Dans cette dernière hypothèse, afin d’opérer une conciliation acceptable des deux régimes désignés comme expressément incompatibles, le juge considère que cette incompatibilité a seulement pour conséquence l’impossibilité pour l’ASL de mettre en œuvre, pour le recouvrement des créances qu’elle détient sur la personne publique propriétaire, la garantie de l’hypothèque légale sur les biens inclus dans le périmètre et appartenant au domaine public.

Le juge administratif a tenu à adopter en l’espèce une solution pour le moins opérationnelle, tendant, comme le lui recommandait le rapporteur public, à « donner la priorité au régime juridique ayant trouvé à s’appliquer en premier », le tout en permettant une coexistence « pacifique » des deux régimes lorsque des biens appartenaient au domaine public et entraient également dans le périmètre d’une ASL avant 2004. Comme le rappelle le rapporteur public dans cette affaire, « le prix à payer pour l’ASL de cette neutralisation partielle de ses pouvoirs n’est pas excessif car il existe d’autres moyens que l’hypothèque pour garantir et surtout obtenir le paiement d’une créance de cotisations syndicales auprès d’une commune en principe solvable ». 

Cet arrêt a le mérite de constituer une illustration intéressante de ce que deux régimes de droit public et de droit privé incompatibles peuvent toutefois coexister et ce, dans l’intérêt de l’ensemble des parties en présence. 

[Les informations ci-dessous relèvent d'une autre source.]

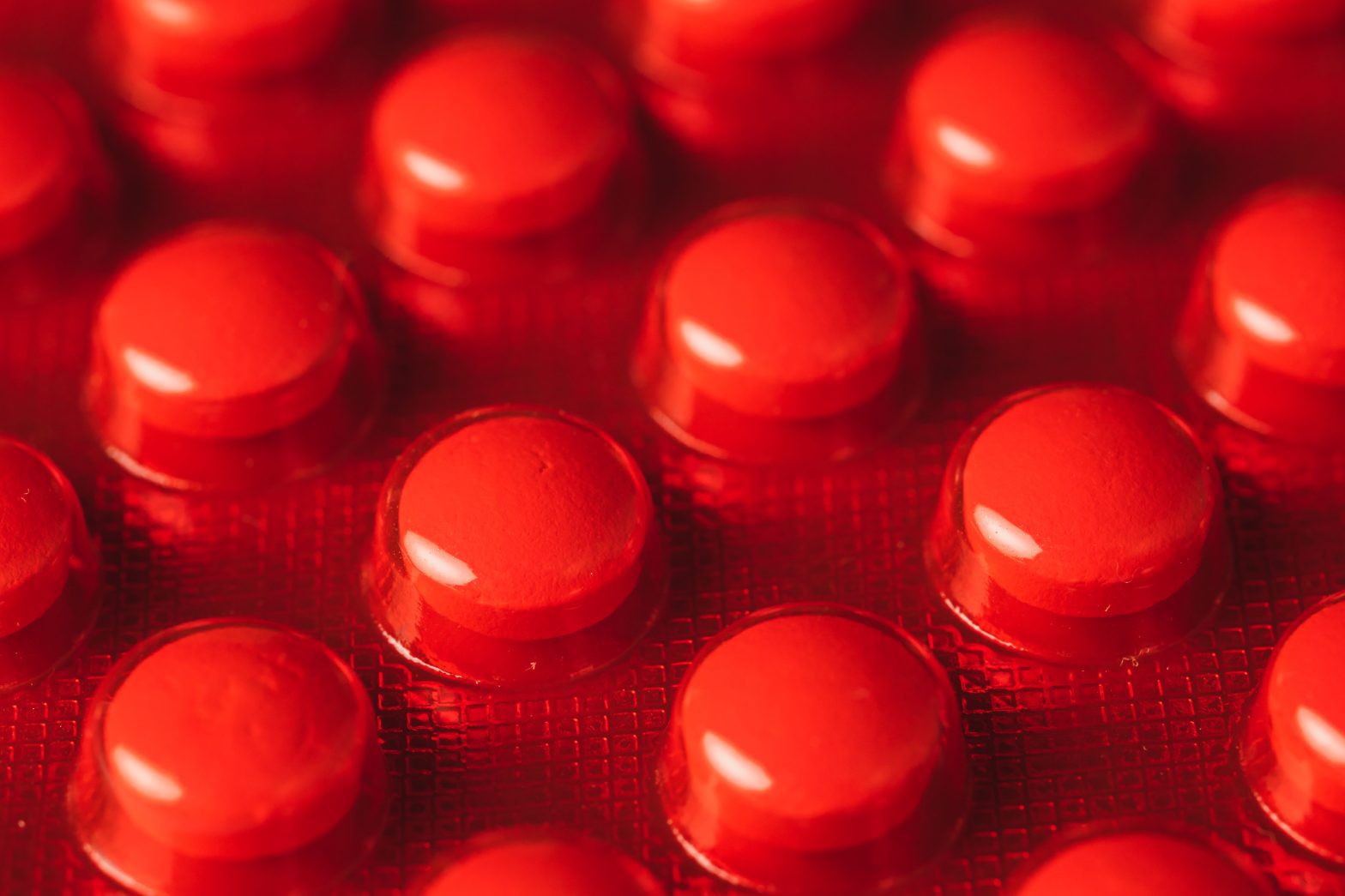 a close up of red pills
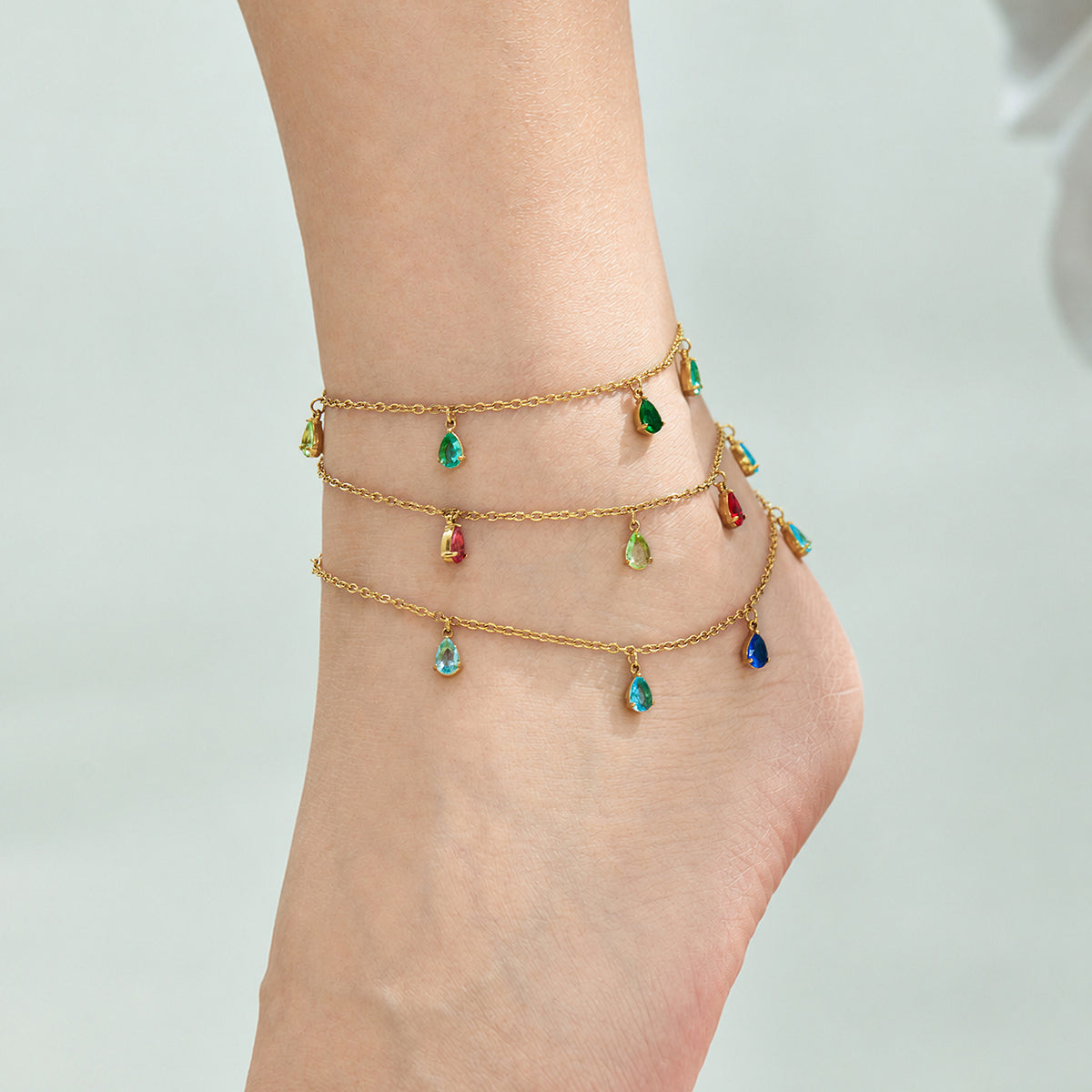 Gold-tone teardrop zircon anklets layered around the ankle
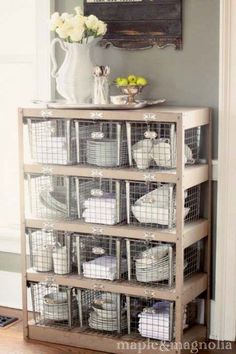 a shelf filled with baskets next to a white vase on top of a hard wood floor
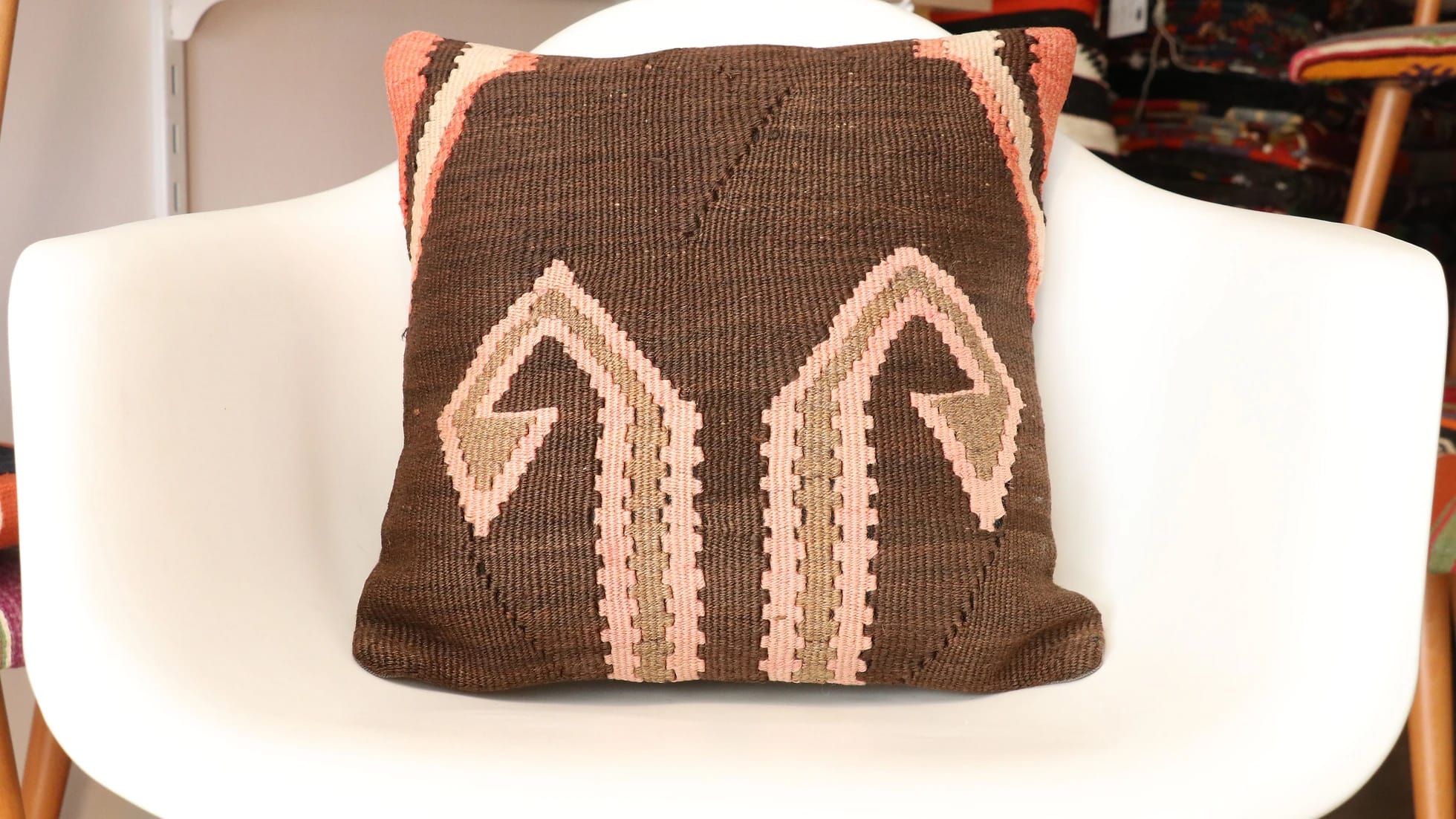 traditional kilim pillow made of vintage turkish rug featuring traditional patterns and rustic earthy colors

Néanmoins, la lecture de cette décision, ou tout du moins le raisonnement qui l’anime, laisse à comprendre qu’à compter du 1er juillet 2004, tout bien appartenant au domaine public ne saurait valablement entrer dans le périmètre d’une ASL.

Si telle est bien la position du juge, alors la participation de nombreuses collectivités à des opérations immobilières de type « ville durable » pourrait s’en trouver complexifiée. Il est ainsi souhaitable que le juge ait prochainement l’occasion de se prononcer afin d’apporter de nouvelles précisions en la matière.